Chefs pay on a sliding scale: $65 plus 10 percent of food sales per night. Dame provides front-of-house staff and pockets beverage income; each mini-restaurant brings its own cooks. Margins are still thin, despite a bustling business. “We are sustaining, which I think is a victory. But we are busy-busy, and it’s still a challenge,” says Smith.

Chelo
Image: Courtesy Luna Contreras
And yes, six chefs do share one walk-in refrigerator. “It can get chaotic on delivery days,” says Contreras. Specialized gear, like a rice cooker and an ice cream machine, is stashed in nooks. When another chef uses the kitchen in the morning, planning is required for evening menu items with longer prep times, like bread. “It’s just been a lot about communicating,” says Contreras. “But it’s been a game changer for my confidence. There’s so much support from everyone.”

Mirisata
Image: Courtesy Mirisata
Worker-Owned Cooperatives
When vegan Sri Lankan restaurant Mirisata opened in 2020, it was likely the only worker-owned restaurant in Portland. Café Olli followed in 2021, founded by a group of former Ava Gene’s employees who hoped to create a working environment that was healthier than restaurant norms.

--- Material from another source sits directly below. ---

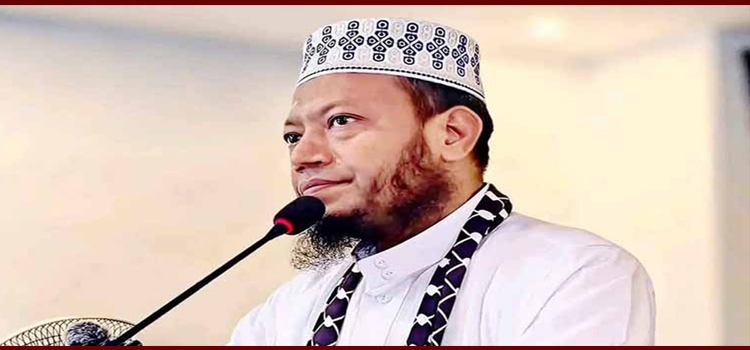 ঝিনাইদহে আমির হামজাকে অবাঞ্ছিত ঘোষণা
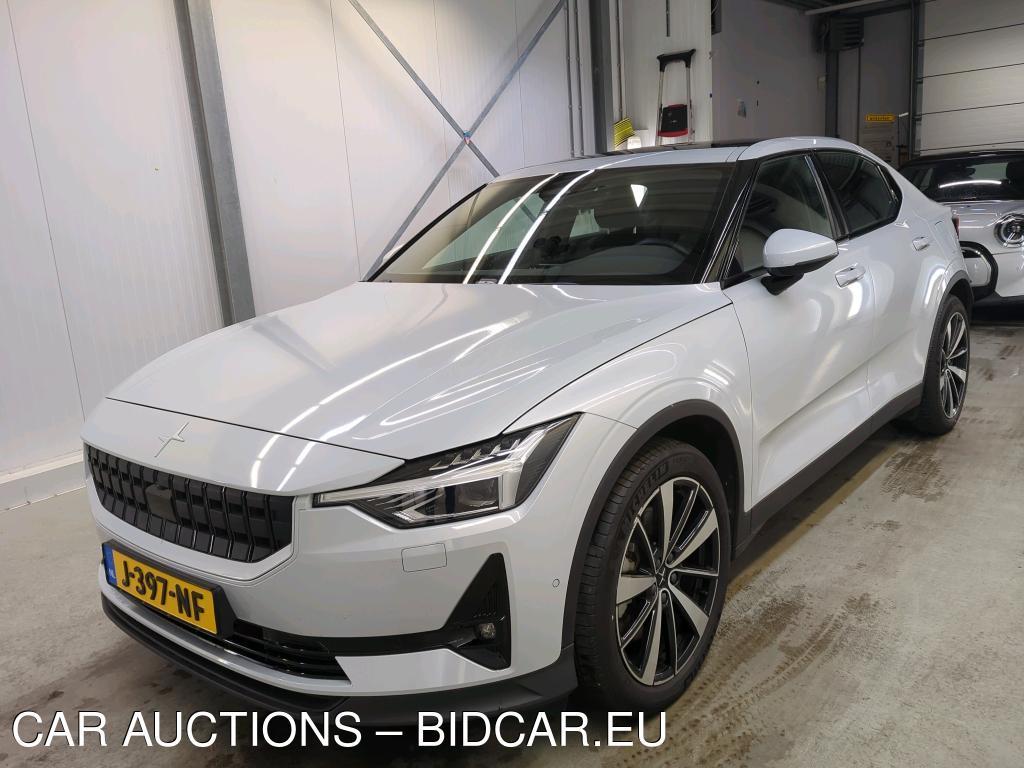 Polestar  2 AWD 300kW/ 78kWh Pilot Plus (NEDC), 2020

At both, all employees become worker-owners after successfully completing a trial period. There’s no inherent value in being a worker-owner, but during periods when the business is profitable—which, as is typical for young restaurants, hasn’t happened yet—any profits would be split among all worker-owners. At Mirisata, it’s treated as a bonus, according to the number of hours worked the previous year. Traditional tipping is avoided, to alleviate inequity between front and back of house: Café Olli adds a 20 percent “health and wellness” fee, while Mirisata eschews tipping but structures its pricing accordingly. At Mirisata, worker-owners also share the burden of ownership, from shopping to payroll to training to voting on decisions.
The hope is that this model will dampen turnover, which is an industry-wide scourge. Café Olli currently consists of two partners and 26 worker-owners. Two of the restaurant’s original founders, married couple Siobhan Speirits and Taylor Manning, own half the business and have the final word on all business decisions. The other half is in an employee-owner trust, from which all worker-owners share any profits according to seniority. Company finances are shared at quarterly meetings. “It does get frustrating sometimes to be told, ‘This quarter we didn’t make any money,’” says general manager Cassie Petersen, “but that’s when we come together as a team and push.”

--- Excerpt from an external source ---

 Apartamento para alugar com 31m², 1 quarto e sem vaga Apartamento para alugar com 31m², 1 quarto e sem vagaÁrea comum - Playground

So does it work? “I wouldn’t recommend anyone open a restaurant,” says Mirisata worker-owner Alex Felsinger. “But I’m confident that it’s less time-consuming than it would be if it was a traditional model.” —Katherine Chew Hamilton

Oregon Public House
Image: courtesy mark norton
The Charitable Bar
At the cash register at Oregon Public House, customers are faced with a choice: which charity should the profits from their orders go to? The philanthro-pub has donated nearly $250,000 to local charities so far. The idea grew out of the 2008 recession, when charity donations slumped, but bars were still profitable. And so founder Ryan Saari leased a restaurant and bar, with a downstairs party and event space for 50 people and the 300-person Village Ballroom upstairs. The pub opened in 2013; prepandemic, it was donating $2,000 per month while providing competitive pay with health care and retirement benefits. Saari and the board are volunteers. “Prior to COVID it worked out great,” says Saari, who is a church pastor by day. “We’re all about the idea of giving back as a celebratory and community thing.”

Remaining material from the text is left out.